#### WHAT YOU HAVE TO DO
The records below must be reproduced exactly, excluding any pictures.

Crawled caption data
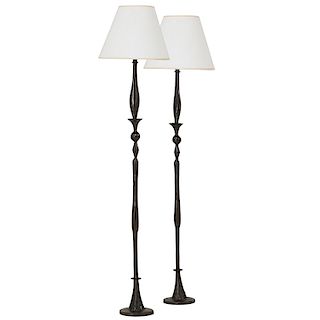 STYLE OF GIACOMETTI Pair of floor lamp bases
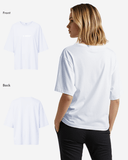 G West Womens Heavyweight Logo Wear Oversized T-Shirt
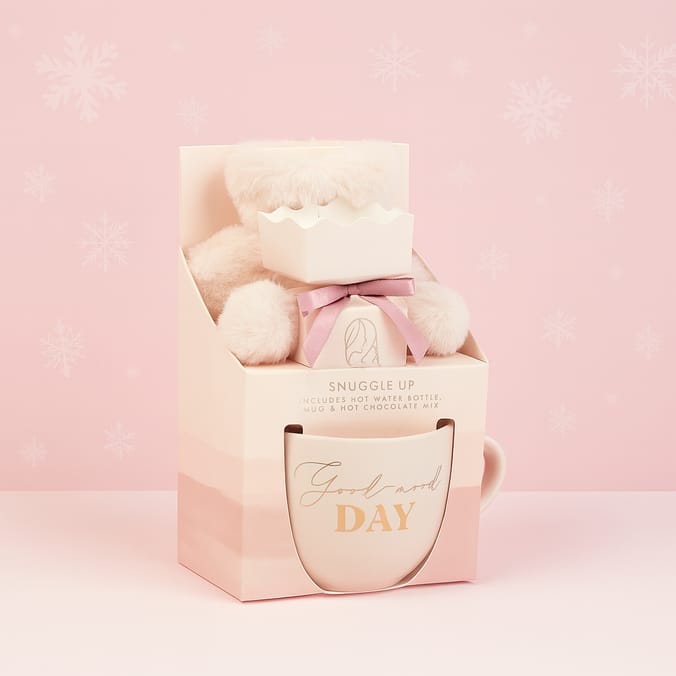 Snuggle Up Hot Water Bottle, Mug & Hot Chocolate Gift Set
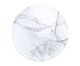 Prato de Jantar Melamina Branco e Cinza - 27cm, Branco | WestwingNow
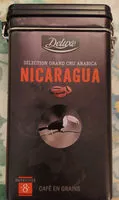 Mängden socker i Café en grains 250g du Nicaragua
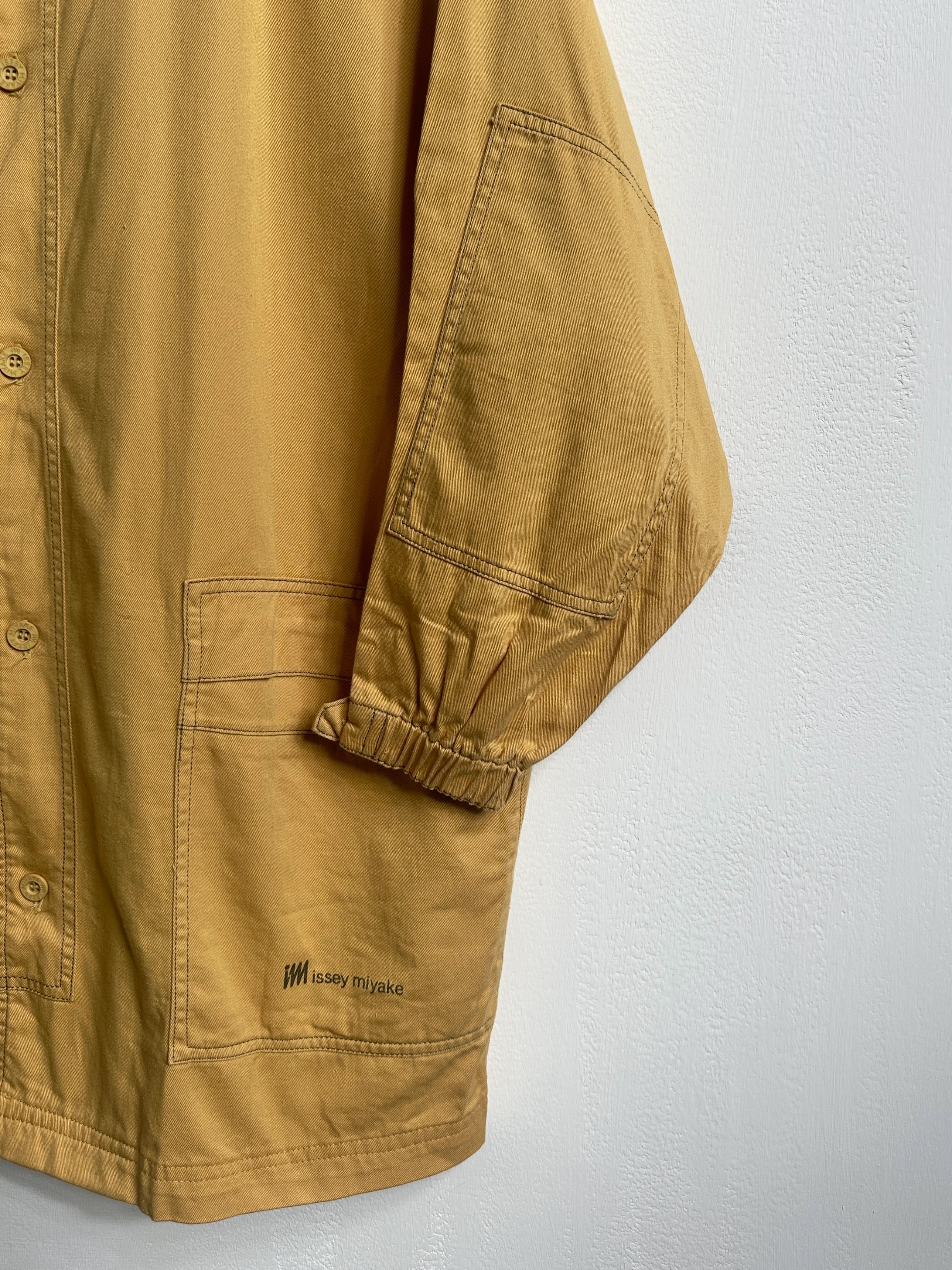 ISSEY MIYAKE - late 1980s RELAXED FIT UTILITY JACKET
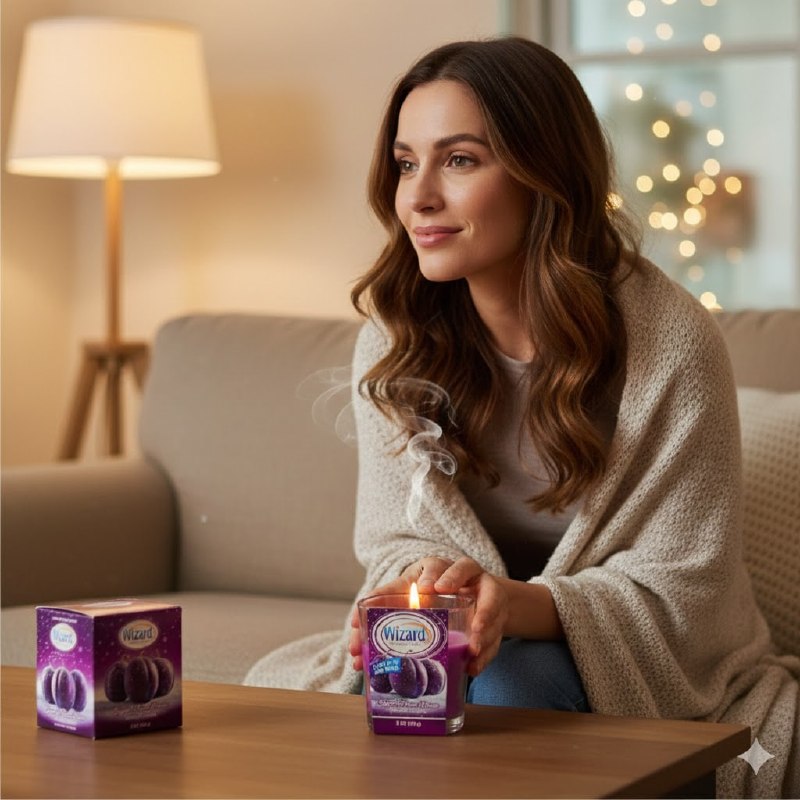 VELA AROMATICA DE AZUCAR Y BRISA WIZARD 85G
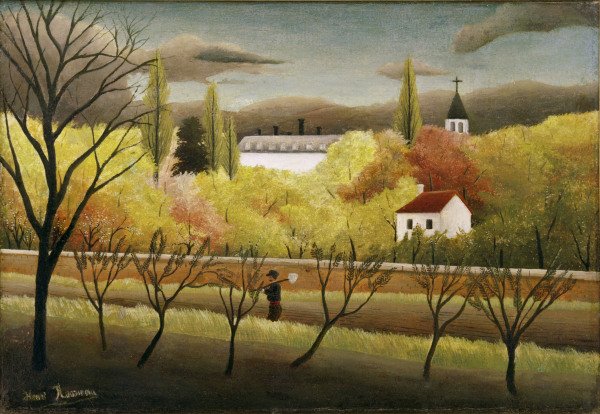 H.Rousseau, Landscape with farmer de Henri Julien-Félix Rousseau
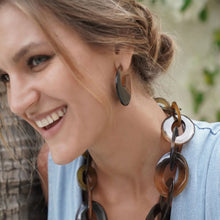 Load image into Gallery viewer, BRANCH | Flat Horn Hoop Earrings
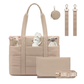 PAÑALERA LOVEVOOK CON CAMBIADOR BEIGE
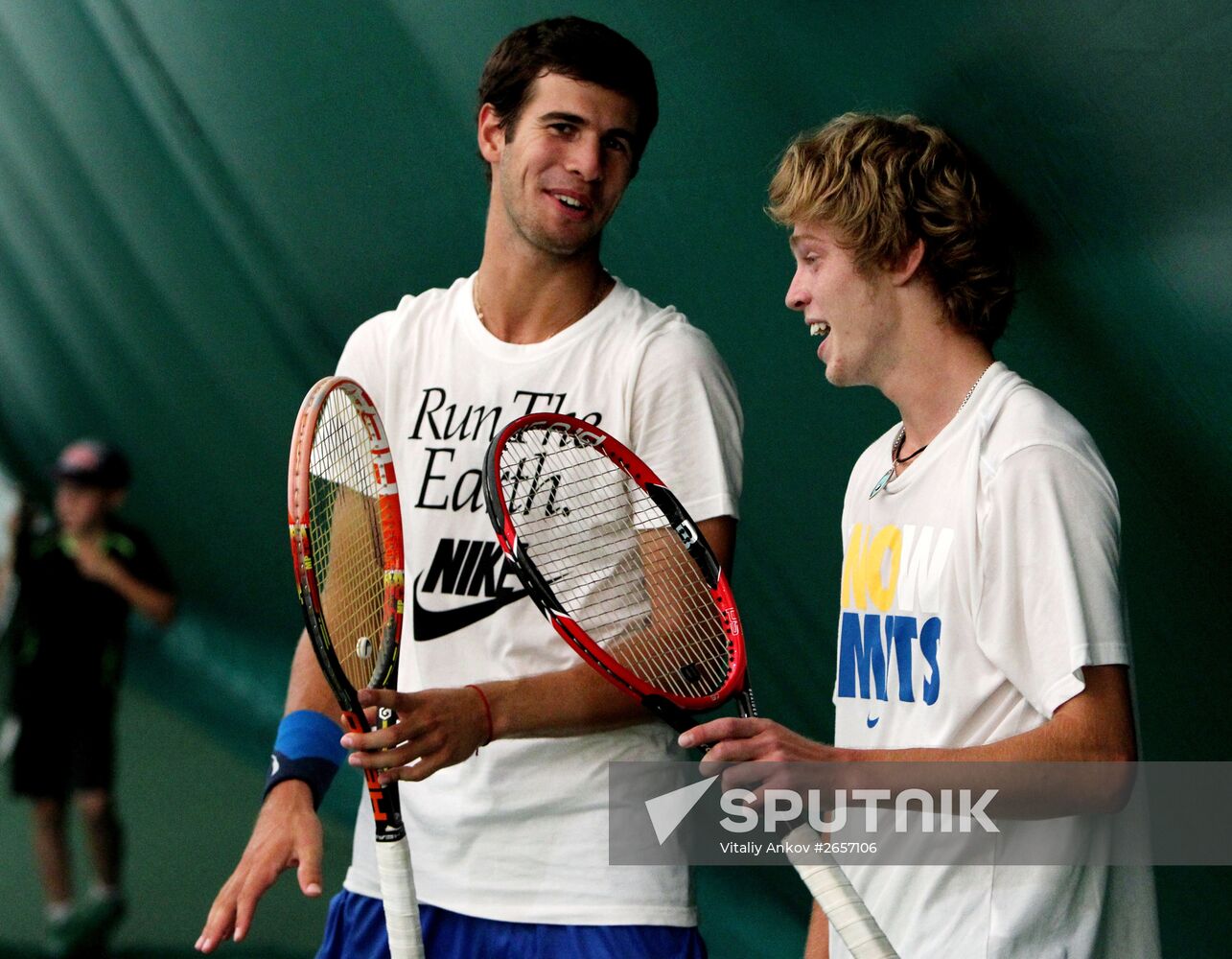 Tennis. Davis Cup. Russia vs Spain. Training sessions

#### RESULT
 STYLE OF GIACOMETTI Pair of floor lamp bases
 G West Womens Heavyweight Logo Wear Oversized T-Shirt
 Snuggle Up Hot Water Bottle, Mug & Hot Chocolate Gift Set
 Prato de Jantar Melamina Branco e Cinza - 27cm, Branco | WestwingNow
 Mängden socker i Café en grains 250g du Nicaragua
 ISSEY MIYAKE - late 1980s RELAXED FIT UTILITY JACKET
 VELA AROMATICA DE AZUCAR Y BRISA WIZARD 85G
 H.Rousseau, Landscape with farmer de Henri Julien-Félix Rousseau
 Load image into Gallery viewer, BRANCH | Flat Horn Hoop Earrings
 PAÑALERA LOVEVOOK CON CAMBIADOR BEIGE
 Tennis. Davis Cup. Russia vs Spain. Training sessions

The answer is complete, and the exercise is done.